Most companies in NYC aren’t leaving anytime soon, according to a new study by CoreNet Global. “More than 82% of the 67% tenant and landlord respondents are in the process of reopening parts of their global portfolios, while more than 95% are currently relying on social distancing measures, such as reorganized office plans, more extensive remote working and flex spaces.” While it is a good sign that companies are staying, it is still too early to see the real impact of COVID-19 had on New York. Companies also said they will be using new technology to help keep their offices safe while other say they will be giving their employees with PPE. In other parts of the world, companies are giving their employees more freedom in where they want to work. In Silicon Valley and the Bay Area, people are moving out of that area and into a more economical one. Three quarters of Facebook’s 40 percent of employees who are interested in permanent remote work, said they will most likely be moving to another city.
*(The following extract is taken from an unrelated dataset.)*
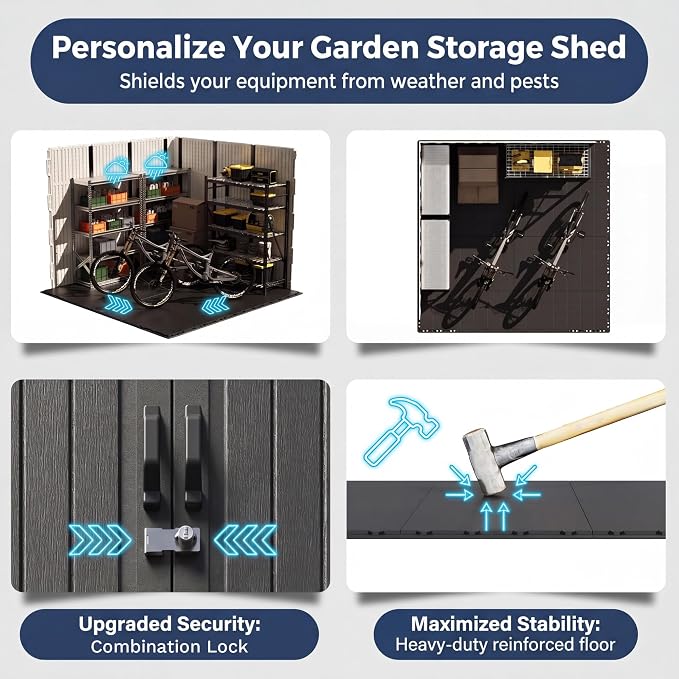 Devoko 8 x 8 FT Plastic Storage Shed - Image 4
Despite the dark cloud over NYC’s office real estate, there have been some positive things happening. SL Green’s One Vanderbilt has raised its pre-opening tenancy from 65 percent to 70 percent; financial firm Oak Hill added to its original commitment and two small private-equity firms signed new leases. The grand opening of One Vanderbilt is supposed to be on September 14th or 15th, and by that time the new public plaza next to the building will be open. In the Seaport District, Pier 17 is reopened, and the new food hall located in Tin Building will open in 2021. Since the start of the Q3, AIG took 325k square feet at 271 Sixth Ave., and 220k square feet at 28 Liberty Street. IBM is on the lookout for space up to 100k square feet at various locations.
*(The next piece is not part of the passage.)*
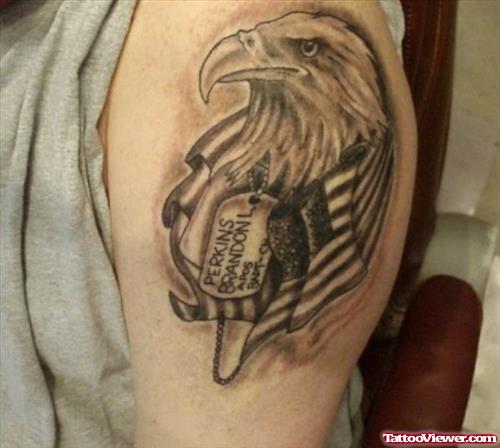 Grey Ink Army Eagle Head Tattoo On Left Shoulder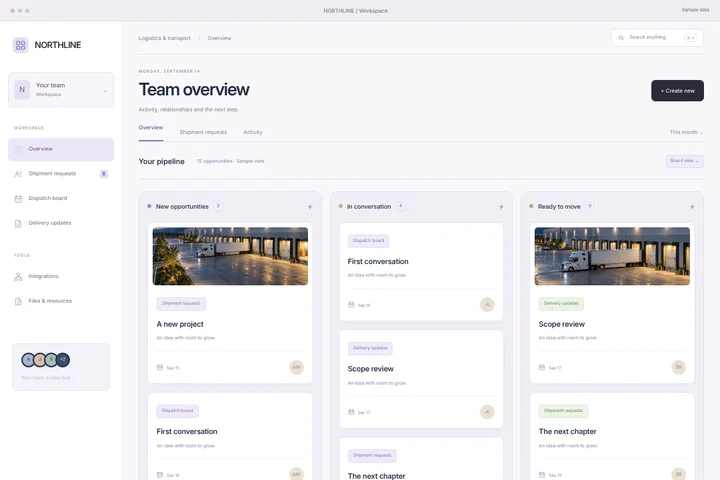 CRM workspace · Logistics & transport · NORTHLINE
By the end of 2020, only a third of the city’s workforce will be back at work. Current occupancy levels are at 8 percent, 20 percent lower than expected. Companies are planning to bring back a little more than a quarter of their employees back by the end of the year and then by next summer, they hope to have more than half back in the office. The real estate sector has been on top of bringing their workers back; more than half are already back and 94 percent will be back by next summer. The tech industry has 74 percent employees expected back next summer with finance and insurance companies behind them.
Co-working companies are starting to close money-losing locations across the world. It is an effort to “slash costs at a time where the pandemic is reducing demand for office space, and perhaps for years to come.” It also shows how big these firms over expanded and became crippled with debt and expensive leases. In the first half of this year, these closures accounted for 1.5 percent of the space occupied by co-working spaces. People are saying the impact of these closings is modest as some were able to get rent relief and closing locations takes time. JLL is saying that about 4,500 co-working locations in the US (25 million square feet) will likely close or change operators. IWG PLC closed 32 locations and plans to close 100 more in the second half of this year. Knotel plans to close 20 percent of its portfolio as its revenue fell 20 percent in the second quarter. Efforts in closing locations has put tension between these firms and its respective landlords; property owners have sued Knotel, WeWork, and others over unpaid rent while IWG has used bankruptcy to exit lease obligations. IWG said “bankruptcy could allow the single-purpose entities to get out of long-term lease obligations in return for a one-time penalty.”
New York-based Steiner Studios has signed a deal to build a new film and television production facility in Brooklyn. This is the first expansion for the company beyond its 780,000 square foot Brooklyn Navy yard location where it has been since 2004. The new studio will be at Bus Terminal, a city-owned waterfront property in Sunset Park. The New York City Economic Development Corp. is redeveloping and rebranding the are as a dual media-production and garment-manufacturing campus called Made in New York. The lease is for 49 years with five 10-year extensions, and this deal represents $320 million in private investment. The city will undertake $15 million in infrastructure improvements and pre-development site work. Steiner Studio’s will have 525,000 square feet and will occupy the southern portion of the campus. It will build half of the facility from scratch, renovate the remaining buildings and build a 500-space parking structure. Construction on the second half of the campus has started but paused because of the pandemic. Officials hope to have it done by 2021.
As membership falls in WeWork, SoftBank is putting in another $1.1 billion into the company. WeWork told its employee this was just “another sign of SoftBank’s continued support for our business.” The funding will bring WeWork’s cash on hand to $4.1 billion. Membership fell 12 percent from the first quarter to 612,000, and in second quarter revenue, the company earned $882 million down from $1.1 billion during the first three months of the year. WeWork also burned through $671 million in cash, including $116 million due to layoffs for severance pay. In New York, WeWork’s availability rate is more than 20 percent, and it shuttered its first location ever at 154 Grand Street.